The upwind ability is genuinely incredible. A friend who rides in light wind a lot came down with a 15m and door and couldn’t even get off the beach. As long as the kite will hang in the air and climb reliably you can sail really close to the wind, in complete silence.

Not noticing at the time but I got a bit of that spaghetti style seaweed stuck around the wing which was a strange draggy sensation resulting in a pretty good crash at speed.

My switch tack is still a bit weaker than my regular, so this allows me to get downwind nicely.

I return to the shore a hero and beach-goers whooped at me. My grin is huge. I am not so battered and bruised and very eager for more. Next job is to learn to turn the blighter I guess.

Total water time now is about 4 hours.

Session 2

I return to South Milton again the next morning, it’s changeover day so it’s pretty quiet. The wind is super light, maybe 6-8 knots and dropping. I rig my trusty light wind machine, a 16m JN MRF3 mono strut on longer 27m lines. This is a very stable light wind kite with quite a flat profile and weighs about as much as an average 9m. Luckily it will fly in a gnat’s fart and the long lines make for a progressive, smooth power stroke.

I had been strongly warned not to attempt to foil in lighter wind to start with, as it would end in total misery, but for me this wasn’t the case at all. The slowness and steady pull of a big kite helped me get everything lined up and once I rocked up on the board (this took a little more effort) I was off like a rocket. It was all silky smooth as I didn’t have yesterday’s devil chop to deal with. It gave me a lot more time to find the balance point and start to get a bit more control over the amount of lift available.

I got three or four runs going left on my natural side all the way across the bay, and then managed a couple of better efforts riding switch with the board on the water. Upwind was cracked finally, and I didn’t have to walk the thing back, which is nice as it’s a lot like carrying your own crucifix, Monty Python style.

Everything felt a lot more controlled, there was no flapping about manipulating the board in the water like the day before. As luck would have it, the wind then dropped completely and the kite would barely hang in the sky, so I sacked it off.

The wind forecast now looks total pony for a while which is a shame as it may slow the progression. The shorter masts should turn up relatively soon.

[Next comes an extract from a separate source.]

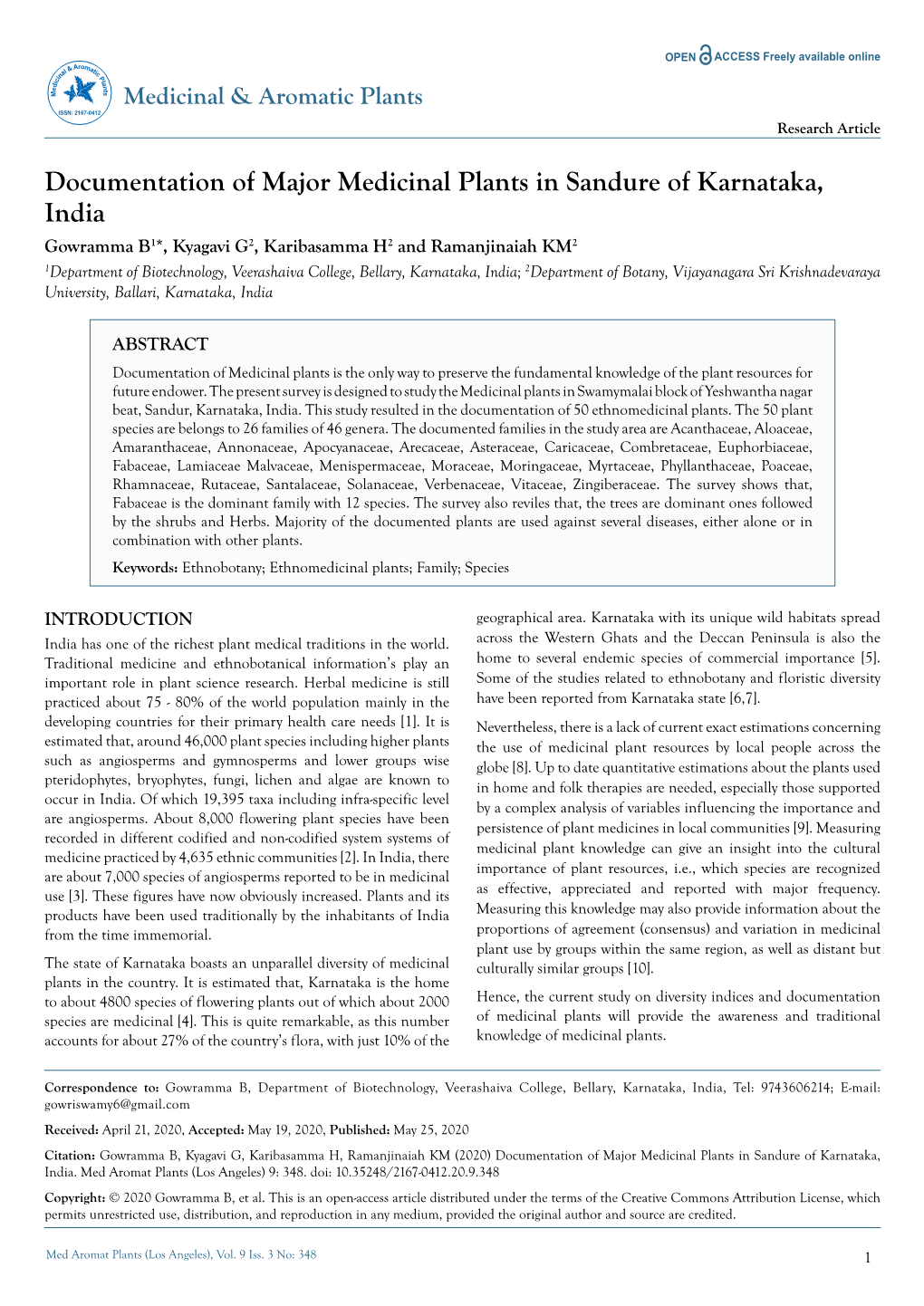 Documentation of Major Medicinal Plants in Sandure of Karnataka, India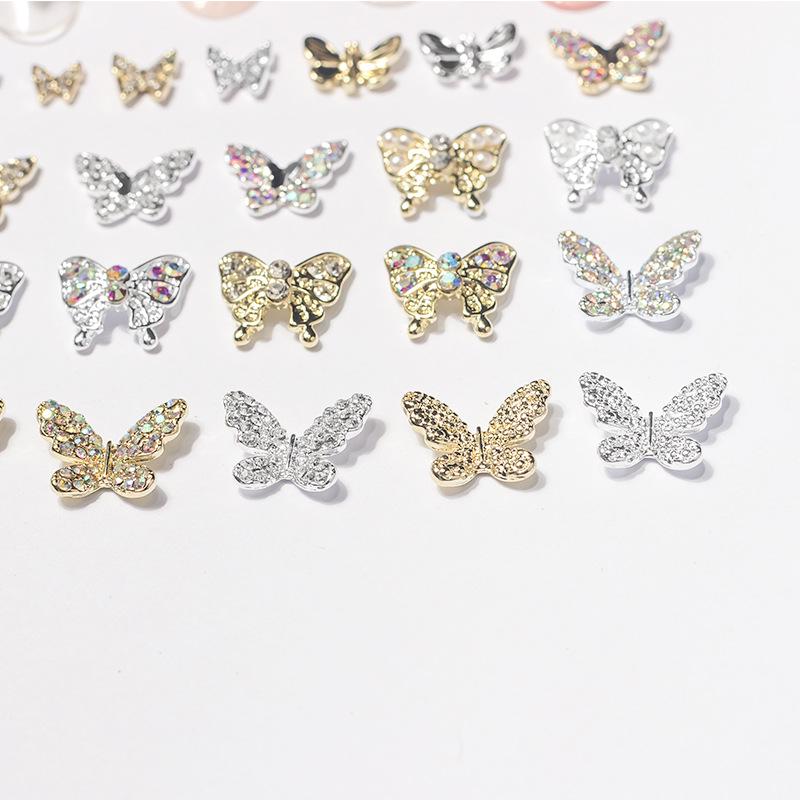 3D Metal Butterfly Nail Art Decorations with Mini Rhinestones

I am tempted to try a more medium sized one, as I have a feeling it’s going to be a hell of a lot more practical whilst I am learning. Time will tell. Total time clocked up now is 2 1/2 hours.


There’s no denying I am quite late to the hydrofoil party, with racers adopting it two or three years ago after the whole Olympic debacle and the discipline gradually working it’s way into the main stream with the kite manufacturers over the last year. I’ve purposefully held off getting one, as I had an ACL replacement and I wanted that to feel rock solid. I was also waiting for the prices to drop a bit and for something robust but not overly heavy to come along.

The beaches in close proximity to me are not overly foil friendly, with shallow water and surf at Bantham, and close chop, pointy reef and loads of weed at South Milton. After having a look at some of the carbon foils, I was confident I would probably destroy my £2k pride and joy fairly rapidly.

The Slingshot DwarfcraftHover Glide NF2 appealed as it’s on the more reasonably priced side, is quite robust being a mixture of composite parts for the wing and aluminium for the mast. It has different mast heights which could help in shallower water. The wing parts are all quite modular and easily replaced. The marketing claims a less steep learning curve, starting with the shorter masts and working up to the full size.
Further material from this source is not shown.